— ASSIGNED TASK —
Below are the entries to retype; reproduce each one exactly.
BEGIN
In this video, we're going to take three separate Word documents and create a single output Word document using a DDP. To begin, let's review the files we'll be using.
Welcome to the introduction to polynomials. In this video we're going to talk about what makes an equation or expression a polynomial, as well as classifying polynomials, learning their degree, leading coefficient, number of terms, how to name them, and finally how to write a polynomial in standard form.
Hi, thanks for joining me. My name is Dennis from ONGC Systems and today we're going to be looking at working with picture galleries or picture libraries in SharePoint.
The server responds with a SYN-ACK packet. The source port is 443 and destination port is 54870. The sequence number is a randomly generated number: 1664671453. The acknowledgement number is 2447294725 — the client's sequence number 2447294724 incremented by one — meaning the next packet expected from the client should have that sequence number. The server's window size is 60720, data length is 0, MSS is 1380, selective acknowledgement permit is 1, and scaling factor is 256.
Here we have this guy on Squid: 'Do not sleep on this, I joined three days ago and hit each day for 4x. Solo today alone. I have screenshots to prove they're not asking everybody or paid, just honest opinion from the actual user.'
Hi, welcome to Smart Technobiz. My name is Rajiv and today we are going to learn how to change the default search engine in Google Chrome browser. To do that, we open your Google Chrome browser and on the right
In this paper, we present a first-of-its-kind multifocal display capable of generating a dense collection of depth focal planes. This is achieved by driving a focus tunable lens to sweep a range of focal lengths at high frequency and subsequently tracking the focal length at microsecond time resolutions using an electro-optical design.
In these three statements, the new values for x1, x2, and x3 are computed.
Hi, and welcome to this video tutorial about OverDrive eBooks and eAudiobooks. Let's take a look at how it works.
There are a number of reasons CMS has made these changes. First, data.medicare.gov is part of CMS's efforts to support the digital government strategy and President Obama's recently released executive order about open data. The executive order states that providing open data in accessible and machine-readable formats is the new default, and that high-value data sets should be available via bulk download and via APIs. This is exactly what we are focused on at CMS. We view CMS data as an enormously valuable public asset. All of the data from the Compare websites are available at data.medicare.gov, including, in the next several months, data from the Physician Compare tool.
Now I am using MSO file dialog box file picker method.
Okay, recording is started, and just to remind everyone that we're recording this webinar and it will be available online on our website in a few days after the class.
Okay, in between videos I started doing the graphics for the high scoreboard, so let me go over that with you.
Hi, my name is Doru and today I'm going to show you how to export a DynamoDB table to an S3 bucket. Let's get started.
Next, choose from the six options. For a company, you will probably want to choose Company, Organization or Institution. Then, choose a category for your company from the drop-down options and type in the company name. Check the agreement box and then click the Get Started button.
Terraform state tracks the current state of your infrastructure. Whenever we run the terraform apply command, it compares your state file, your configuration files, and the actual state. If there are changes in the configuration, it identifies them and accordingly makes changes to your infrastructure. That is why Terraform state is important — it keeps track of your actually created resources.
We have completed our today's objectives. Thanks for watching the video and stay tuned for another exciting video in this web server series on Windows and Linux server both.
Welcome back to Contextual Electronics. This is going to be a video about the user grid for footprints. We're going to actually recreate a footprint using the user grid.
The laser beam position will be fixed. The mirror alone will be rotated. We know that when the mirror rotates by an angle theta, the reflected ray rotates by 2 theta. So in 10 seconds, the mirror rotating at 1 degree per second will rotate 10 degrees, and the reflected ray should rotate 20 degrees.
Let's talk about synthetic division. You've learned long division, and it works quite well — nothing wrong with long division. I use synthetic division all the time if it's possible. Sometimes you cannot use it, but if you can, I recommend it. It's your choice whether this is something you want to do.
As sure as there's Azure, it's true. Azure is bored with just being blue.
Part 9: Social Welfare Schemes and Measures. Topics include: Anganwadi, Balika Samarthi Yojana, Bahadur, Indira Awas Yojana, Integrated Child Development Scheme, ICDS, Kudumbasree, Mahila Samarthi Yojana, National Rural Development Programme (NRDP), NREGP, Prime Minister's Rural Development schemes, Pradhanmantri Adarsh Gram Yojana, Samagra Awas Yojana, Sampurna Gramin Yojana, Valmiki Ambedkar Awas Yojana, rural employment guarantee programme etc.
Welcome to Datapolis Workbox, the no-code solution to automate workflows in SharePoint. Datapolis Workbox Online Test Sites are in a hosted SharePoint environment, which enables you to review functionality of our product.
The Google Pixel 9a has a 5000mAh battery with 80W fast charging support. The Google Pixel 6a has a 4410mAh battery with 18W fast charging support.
END
— ANSWER SECTION —
In this video, we're going to take three separate Word documents and create a single output Word document using a DDP. To begin, let's review the files we'll be using.
Welcome to the introduction to polynomials. In this video we're going to talk about what makes an equation or expression a polynomial, as well as classifying polynomials, learning their degree, leading coefficient, number of terms, how to name them, and finally how to write a polynomial in standard form.
Hi, thanks for joining me. My name is Dennis from ONGC Systems and today we're going to be looking at working with picture galleries or picture libraries in SharePoint.
The server responds with a SYN-ACK packet. The source port is 443 and destination port is 54870. The sequence number is a randomly generated number: 1664671453. The acknowledgement number is 2447294725 — the client's sequence number 2447294724 incremented by one — meaning the next packet expected from the client should have that sequence number. The server's window size is 60720, data length is 0, MSS is 1380, selective acknowledgement permit is 1, and scaling factor is 256.
Here we have this guy on Squid: 'Do not sleep on this, I joined three days ago and hit each day for 4x. Solo today alone. I have screenshots to prove they're not asking everybody or paid, just honest opinion from the actual user.'
Hi, welcome to Smart Technobiz. My name is Rajiv and today we are going to learn how to change the default search engine in Google Chrome browser. To do that, we open your Google Chrome browser and on the right
In this paper, we present a first-of-its-kind multifocal display capable of generating a dense collection of depth focal planes. This is achieved by driving a focus tunable lens to sweep a range of focal lengths at high frequency and subsequently tracking the focal length at microsecond time resolutions using an electro-optical design.
In these three statements, the new values for x1, x2, and x3 are computed.
Hi, and welcome to this video tutorial about OverDrive eBooks and eAudiobooks. Let's take a look at how it works.
There are a number of reasons CMS has made these changes. First, data.medicare.gov is part of CMS's efforts to support the digital government strategy and President Obama's recently released executive order about open data. The executive order states that providing open data in accessible and machine-readable formats is the new default, and that high-value data sets should be available via bulk download and via APIs. This is exactly what we are focused on at CMS. We view CMS data as an enormously valuable public asset. All of the data from the Compare websites are available at data.medicare.gov, including, in the next several months, data from the Physician Compare tool.
Now I am using MSO file dialog box file picker method.
Okay, recording is started, and just to remind everyone that we're recording this webinar and it will be available online on our website in a few days after the class.
Okay, in between videos I started doing the graphics for the high scoreboard, so let me go over that with you.
Hi, my name is Doru and today I'm going to show you how to export a DynamoDB table to an S3 bucket. Let's get started.
Next, choose from the six options. For a company, you will probably want to choose Company, Organization or Institution. Then, choose a category for your company from the drop-down options and type in the company name. Check the agreement box and then click the Get Started button.
Terraform state tracks the current state of your infrastructure. Whenever we run the terraform apply command, it compares your state file, your configuration files, and the actual state. If there are changes in the configuration, it identifies them and accordingly makes changes to your infrastructure. That is why Terraform state is important — it keeps track of your actually created resources.
We have completed our today's objectives. Thanks for watching the video and stay tuned for another exciting video in this web server series on Windows and Linux server both.
Welcome back to Contextual Electronics. This is going to be a video about the user grid for footprints. We're going to actually recreate a footprint using the user grid.
The laser beam position will be fixed. The mirror alone will be rotated. We know that when the mirror rotates by an angle theta, the reflected ray rotates by 2 theta. So in 10 seconds, the mirror rotating at 1 degree per second will rotate 10 degrees, and the reflected ray should rotate 20 degrees.
Let's talk about synthetic division. You've learned long division, and it works quite well — nothing wrong with long division. I use synthetic division all the time if it's possible. Sometimes you cannot use it, but if you can, I recommend it. It's your choice whether this is something you want to do.
As sure as there's Azure, it's true. Azure is bored with just being blue.
Part 9: Social Welfare Schemes and Measures. Topics include: Anganwadi, Balika Samarthi Yojana, Bahadur, Indira Awas Yojana, Integrated Child Development Scheme, ICDS, Kudumbasree, Mahila Samarthi Yojana, National Rural Development Programme (NRDP), NREGP, Prime Minister's Rural Development schemes, Pradhanmantri Adarsh Gram Yojana, Samagra Awas Yojana, Sampurna Gramin Yojana, Valmiki Ambedkar Awas Yojana, rural employment guarantee programme etc.
Welcome to Datapolis Workbox, the no-code solution to automate workflows in SharePoint. Datapolis Workbox Online Test Sites are in a hosted SharePoint environment, which enables you to review functionality of our product.
The Google Pixel 9a has a 5000mAh battery with 80W fast charging support. The Google Pixel 6a has a 4410mAh battery with 18W fast charging support.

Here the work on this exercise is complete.